Мама опять налила мне молока, дала хлеба с сахаром. Пока я ела, она куда-то отлучилась. А когда пришла, то сказала, что стоять будем долго, что ждём встречного, он опаздывает, и неизвестно, когда будет. Так что на пару часов можно выйти из вагона и погулять.
Помню, как мы гуляли по полю, рвали синие цветы, собирая их в букет. Мама называла их васильками, пела песню про них — «Всё васильки, васильки, сколько мелькает их в поле. Помню, до самой реки я собирал их для Оли». Возвращались другой дорогой, через искорёженные рельсы, торчащие из глубоких ям, заросших бурьяном. Мама говорила, что тут наверняка хозяйничали немцы, а наши самолёты дали им прикурить. Я смеялась, а мама объясняла, что «дать прикурить» — значит дать отпор, то есть — победить противника.
На станции мы купили у тёти два сырых яйца. Потом в вагоне мы их «выпили» с солью и хлебом.
ТЕАТР И ПАПА
Поезд тронулся только вечером, когда совсем стемнело. Разбудил нас хриплый голос проводника, орущий на весь вагон:
— Кировоград! Кому до Кировограда? Стоянка недовгая, дэсять хвылын. Выходьтэ быстро, бо поезд опаздуе на Знаменку.
— Ветунечка, скорей просыпайся, — толкала меня мама, — мы приехали, слава богу.

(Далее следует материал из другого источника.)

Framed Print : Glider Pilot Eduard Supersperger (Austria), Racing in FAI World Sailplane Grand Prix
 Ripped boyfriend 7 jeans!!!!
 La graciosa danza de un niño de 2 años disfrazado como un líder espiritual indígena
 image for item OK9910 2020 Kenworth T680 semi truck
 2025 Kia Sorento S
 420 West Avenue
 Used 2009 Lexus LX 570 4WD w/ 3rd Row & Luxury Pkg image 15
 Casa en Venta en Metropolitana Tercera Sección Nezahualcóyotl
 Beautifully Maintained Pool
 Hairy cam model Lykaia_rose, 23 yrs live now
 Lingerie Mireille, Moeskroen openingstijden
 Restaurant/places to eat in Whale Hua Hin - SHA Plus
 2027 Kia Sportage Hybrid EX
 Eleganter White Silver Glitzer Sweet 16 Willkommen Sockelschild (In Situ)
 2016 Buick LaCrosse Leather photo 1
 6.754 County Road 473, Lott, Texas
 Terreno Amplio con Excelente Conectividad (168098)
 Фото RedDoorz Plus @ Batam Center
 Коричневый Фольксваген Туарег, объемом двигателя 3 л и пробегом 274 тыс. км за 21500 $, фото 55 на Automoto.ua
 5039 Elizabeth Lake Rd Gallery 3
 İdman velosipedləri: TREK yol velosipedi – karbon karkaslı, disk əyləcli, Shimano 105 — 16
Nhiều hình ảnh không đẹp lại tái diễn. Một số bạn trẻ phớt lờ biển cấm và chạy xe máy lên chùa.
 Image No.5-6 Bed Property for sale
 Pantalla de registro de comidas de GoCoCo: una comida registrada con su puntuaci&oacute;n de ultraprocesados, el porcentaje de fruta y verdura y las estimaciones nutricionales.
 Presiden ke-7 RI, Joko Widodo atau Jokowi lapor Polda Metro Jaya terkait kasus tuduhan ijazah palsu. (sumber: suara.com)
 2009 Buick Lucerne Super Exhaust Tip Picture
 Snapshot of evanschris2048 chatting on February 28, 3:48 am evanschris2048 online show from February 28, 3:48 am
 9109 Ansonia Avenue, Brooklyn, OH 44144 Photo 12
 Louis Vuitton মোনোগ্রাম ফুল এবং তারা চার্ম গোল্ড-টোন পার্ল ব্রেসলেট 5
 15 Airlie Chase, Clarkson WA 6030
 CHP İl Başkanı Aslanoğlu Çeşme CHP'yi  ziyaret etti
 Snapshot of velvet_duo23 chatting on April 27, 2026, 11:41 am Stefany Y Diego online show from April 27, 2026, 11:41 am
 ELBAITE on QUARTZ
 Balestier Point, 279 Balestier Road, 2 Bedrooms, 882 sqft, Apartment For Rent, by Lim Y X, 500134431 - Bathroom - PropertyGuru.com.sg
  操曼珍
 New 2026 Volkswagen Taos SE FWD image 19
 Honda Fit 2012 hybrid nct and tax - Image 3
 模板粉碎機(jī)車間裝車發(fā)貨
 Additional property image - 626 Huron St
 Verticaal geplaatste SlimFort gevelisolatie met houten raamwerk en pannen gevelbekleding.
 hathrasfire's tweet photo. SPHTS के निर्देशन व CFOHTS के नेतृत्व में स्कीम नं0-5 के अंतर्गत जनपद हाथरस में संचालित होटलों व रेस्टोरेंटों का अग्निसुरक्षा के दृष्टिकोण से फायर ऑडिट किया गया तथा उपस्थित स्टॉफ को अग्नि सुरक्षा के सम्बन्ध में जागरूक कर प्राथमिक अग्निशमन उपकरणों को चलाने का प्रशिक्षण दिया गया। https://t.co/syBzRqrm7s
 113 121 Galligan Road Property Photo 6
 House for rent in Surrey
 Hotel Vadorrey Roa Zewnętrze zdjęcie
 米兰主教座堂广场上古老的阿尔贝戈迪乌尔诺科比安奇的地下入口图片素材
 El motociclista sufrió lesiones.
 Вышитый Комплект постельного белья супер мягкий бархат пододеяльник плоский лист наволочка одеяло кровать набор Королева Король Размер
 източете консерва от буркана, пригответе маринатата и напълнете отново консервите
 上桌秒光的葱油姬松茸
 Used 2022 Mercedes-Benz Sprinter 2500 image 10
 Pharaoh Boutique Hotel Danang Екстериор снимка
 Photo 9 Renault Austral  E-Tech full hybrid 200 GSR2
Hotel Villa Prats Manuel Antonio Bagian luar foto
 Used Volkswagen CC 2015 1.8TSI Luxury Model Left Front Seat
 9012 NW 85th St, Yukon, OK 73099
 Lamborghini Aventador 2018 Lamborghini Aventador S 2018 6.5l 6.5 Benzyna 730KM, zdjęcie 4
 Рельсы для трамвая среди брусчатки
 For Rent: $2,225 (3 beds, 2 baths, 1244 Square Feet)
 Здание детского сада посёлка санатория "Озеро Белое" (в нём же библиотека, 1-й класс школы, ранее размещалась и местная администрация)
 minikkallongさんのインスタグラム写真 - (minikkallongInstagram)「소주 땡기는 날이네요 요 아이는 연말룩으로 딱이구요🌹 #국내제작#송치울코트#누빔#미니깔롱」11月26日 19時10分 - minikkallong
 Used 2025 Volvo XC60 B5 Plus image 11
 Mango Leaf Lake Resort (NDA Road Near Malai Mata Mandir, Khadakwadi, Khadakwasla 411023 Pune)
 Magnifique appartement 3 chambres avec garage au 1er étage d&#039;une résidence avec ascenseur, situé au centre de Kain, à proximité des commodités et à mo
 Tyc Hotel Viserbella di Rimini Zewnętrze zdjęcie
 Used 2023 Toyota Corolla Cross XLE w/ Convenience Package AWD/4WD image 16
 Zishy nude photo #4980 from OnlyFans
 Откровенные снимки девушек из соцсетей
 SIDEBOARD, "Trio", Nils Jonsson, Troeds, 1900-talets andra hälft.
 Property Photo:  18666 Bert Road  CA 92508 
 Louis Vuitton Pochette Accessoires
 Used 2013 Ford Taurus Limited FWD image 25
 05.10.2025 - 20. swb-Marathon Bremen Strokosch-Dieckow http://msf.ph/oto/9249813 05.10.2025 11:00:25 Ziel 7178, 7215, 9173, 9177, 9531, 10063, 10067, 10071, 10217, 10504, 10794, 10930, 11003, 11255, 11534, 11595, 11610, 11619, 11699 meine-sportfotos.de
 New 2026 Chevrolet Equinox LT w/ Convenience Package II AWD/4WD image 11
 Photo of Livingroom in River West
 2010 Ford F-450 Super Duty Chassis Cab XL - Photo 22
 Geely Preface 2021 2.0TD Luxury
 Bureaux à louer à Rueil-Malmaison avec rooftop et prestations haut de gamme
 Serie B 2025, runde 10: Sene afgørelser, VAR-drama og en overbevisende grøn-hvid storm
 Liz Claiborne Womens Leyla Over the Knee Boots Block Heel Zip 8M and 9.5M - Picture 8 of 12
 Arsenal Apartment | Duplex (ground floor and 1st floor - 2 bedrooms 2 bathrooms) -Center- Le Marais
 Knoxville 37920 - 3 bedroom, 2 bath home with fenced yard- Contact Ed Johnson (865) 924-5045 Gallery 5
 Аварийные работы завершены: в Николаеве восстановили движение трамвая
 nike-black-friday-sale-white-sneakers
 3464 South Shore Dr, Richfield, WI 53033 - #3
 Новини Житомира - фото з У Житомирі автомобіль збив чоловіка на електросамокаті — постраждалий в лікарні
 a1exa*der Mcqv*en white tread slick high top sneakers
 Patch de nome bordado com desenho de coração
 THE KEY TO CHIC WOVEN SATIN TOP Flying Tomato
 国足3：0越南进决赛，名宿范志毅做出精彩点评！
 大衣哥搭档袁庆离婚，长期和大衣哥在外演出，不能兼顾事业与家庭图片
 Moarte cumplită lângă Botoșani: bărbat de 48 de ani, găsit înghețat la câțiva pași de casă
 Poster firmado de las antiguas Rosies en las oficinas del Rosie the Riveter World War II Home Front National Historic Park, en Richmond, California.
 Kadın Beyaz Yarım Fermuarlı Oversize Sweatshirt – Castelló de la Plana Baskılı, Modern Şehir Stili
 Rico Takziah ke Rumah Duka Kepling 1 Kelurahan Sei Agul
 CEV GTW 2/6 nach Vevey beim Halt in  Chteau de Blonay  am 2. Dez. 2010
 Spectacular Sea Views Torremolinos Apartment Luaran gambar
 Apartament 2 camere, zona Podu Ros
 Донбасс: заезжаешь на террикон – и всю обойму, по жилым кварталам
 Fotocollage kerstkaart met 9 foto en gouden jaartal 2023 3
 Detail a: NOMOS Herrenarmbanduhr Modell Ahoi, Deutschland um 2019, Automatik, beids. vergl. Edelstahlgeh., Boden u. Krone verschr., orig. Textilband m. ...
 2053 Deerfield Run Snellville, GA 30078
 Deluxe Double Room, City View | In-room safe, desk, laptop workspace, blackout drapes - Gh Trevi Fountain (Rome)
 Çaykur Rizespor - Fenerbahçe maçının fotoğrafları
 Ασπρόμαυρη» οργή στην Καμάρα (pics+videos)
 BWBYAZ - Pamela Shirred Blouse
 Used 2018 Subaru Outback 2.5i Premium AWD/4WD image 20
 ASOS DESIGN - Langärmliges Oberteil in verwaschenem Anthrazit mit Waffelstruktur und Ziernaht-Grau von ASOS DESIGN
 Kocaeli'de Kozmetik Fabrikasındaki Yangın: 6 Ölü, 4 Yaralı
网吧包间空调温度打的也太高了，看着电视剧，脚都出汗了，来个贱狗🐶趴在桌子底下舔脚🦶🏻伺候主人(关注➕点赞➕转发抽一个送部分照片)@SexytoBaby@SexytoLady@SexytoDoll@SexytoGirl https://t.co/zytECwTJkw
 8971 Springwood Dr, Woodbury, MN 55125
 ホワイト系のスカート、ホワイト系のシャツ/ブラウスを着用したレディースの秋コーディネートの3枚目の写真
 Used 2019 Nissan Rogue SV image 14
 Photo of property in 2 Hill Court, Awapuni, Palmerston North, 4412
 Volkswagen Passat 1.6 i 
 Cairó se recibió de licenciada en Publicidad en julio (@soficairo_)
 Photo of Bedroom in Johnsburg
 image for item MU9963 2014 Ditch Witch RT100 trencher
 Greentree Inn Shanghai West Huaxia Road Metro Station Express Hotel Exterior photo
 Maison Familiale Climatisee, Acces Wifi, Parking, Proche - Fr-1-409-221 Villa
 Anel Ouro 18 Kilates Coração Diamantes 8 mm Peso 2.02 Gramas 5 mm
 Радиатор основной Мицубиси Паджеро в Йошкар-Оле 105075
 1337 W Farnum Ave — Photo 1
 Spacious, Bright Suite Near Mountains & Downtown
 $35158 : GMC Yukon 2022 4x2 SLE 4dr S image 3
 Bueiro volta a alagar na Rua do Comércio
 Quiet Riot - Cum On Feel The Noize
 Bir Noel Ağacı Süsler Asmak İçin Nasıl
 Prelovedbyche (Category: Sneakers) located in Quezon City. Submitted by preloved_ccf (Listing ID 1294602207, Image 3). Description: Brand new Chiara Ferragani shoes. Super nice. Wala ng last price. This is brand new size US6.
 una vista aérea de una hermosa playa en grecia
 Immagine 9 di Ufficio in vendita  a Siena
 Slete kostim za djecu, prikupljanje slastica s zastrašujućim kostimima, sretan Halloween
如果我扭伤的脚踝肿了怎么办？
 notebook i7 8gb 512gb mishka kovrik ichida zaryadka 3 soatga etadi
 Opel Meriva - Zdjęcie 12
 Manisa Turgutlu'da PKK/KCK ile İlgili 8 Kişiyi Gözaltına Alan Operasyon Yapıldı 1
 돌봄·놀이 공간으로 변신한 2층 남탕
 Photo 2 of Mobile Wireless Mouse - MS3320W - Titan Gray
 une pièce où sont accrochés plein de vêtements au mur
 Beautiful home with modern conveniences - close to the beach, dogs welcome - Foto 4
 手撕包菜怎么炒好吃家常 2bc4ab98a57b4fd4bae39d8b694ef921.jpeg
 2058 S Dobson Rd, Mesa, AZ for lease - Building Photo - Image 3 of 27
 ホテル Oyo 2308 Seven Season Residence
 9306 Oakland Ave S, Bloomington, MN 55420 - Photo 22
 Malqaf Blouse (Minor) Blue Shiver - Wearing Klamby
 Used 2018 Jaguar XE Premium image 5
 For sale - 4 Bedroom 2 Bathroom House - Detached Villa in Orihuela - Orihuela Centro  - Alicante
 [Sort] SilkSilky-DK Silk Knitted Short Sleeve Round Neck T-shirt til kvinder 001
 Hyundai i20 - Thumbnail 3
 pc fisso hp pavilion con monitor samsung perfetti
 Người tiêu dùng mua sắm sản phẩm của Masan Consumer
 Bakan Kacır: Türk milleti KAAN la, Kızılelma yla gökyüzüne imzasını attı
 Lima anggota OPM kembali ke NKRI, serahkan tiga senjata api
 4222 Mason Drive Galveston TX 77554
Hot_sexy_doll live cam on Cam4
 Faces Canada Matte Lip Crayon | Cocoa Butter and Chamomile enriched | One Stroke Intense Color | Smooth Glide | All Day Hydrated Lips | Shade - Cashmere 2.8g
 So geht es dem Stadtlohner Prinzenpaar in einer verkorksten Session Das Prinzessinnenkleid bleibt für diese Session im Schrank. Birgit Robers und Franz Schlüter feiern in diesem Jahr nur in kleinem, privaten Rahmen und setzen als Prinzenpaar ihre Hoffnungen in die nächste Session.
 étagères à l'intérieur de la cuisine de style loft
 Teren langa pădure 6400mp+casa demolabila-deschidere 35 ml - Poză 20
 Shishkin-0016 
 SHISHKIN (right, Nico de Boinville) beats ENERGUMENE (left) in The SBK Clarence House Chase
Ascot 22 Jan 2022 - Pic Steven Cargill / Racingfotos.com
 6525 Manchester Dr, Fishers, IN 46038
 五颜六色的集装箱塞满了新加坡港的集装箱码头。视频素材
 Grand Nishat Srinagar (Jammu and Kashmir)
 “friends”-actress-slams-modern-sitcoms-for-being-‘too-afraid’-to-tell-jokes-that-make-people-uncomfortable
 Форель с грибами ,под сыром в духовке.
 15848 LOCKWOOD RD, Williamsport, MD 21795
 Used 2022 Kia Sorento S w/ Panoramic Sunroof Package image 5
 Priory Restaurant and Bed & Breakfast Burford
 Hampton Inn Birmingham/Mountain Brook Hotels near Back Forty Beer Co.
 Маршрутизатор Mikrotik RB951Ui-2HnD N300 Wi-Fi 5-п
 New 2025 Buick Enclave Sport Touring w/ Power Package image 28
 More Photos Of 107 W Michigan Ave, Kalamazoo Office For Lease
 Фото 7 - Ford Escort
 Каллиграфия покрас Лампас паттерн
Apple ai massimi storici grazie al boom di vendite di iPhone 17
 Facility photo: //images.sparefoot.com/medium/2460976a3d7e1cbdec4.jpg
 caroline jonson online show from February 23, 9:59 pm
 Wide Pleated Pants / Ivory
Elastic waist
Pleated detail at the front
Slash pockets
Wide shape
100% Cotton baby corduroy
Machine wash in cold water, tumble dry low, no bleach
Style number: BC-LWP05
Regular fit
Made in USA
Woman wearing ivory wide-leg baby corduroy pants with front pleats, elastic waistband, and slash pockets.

Поезд медленно подходил к вокзалу. В Кировограде выходило много народу. Все в панике столпились в проходе, ругались, толкали друг друга. Обвиняли проводника, что поздно разбудил. Я держала маму за юбку, и мы медленно продвигались к выходу. Наконец поезд с жутким скрежетом дёрнуло, и он остановился. Оказалось, что паника была напрасной. Все благополучно сошли с поезда. На перроне толпился народ. Мама поставила на землю чемодан, мешок, сняла рюкзак и растерянно оглянулась по сторонам.
— Ти-мош! Артистка Ти-мош! Тимош! — мужской голос орал на весь перрон откуда-то слева.
— Я! Тут, сюда! — срывающимся голосом закричала мама и стала размахивать руками.
Наконец к нам пробрался пожилой мужчина в клетчатой рубашке, с портфелем.
— Ты Тимош Лида? Артистка? — строго спросил он маму.
— Да я, актриса Лидия Тимош, — ответила мама. — А вы кто?
— Я главный администратор театра, Игорь Палыч, будем знакомы. Вторые сутки дежурю на вокзале. Это ваши вещи? Ну, пойдёмте, подвода подана.
Он взял рюкзак и чемодан, мама схватила мешок, и мы пошли за ним, в обход здания вокзала. Игорь Палыч посмотрел на часы.
— Ого, уже почти два часа ночи. А вы должны были приехать вчера утром. Тут до Одессы всего двенадцать часов.
— В Помошной долго стояли, — виновато сказала мама.
На улице за вокзалом было темно, но Игорь Палыч уверенно шёл впереди. Наконец мы подошли к подводе, и я увидела лошадь. А на подводе разглядела дядьку в брезентовом плаще с капюшоном.
— Мыкола, просыпайся, я их встретил. Поехали, — сказал Игорь Палыч, загружая наши вещи в подводу.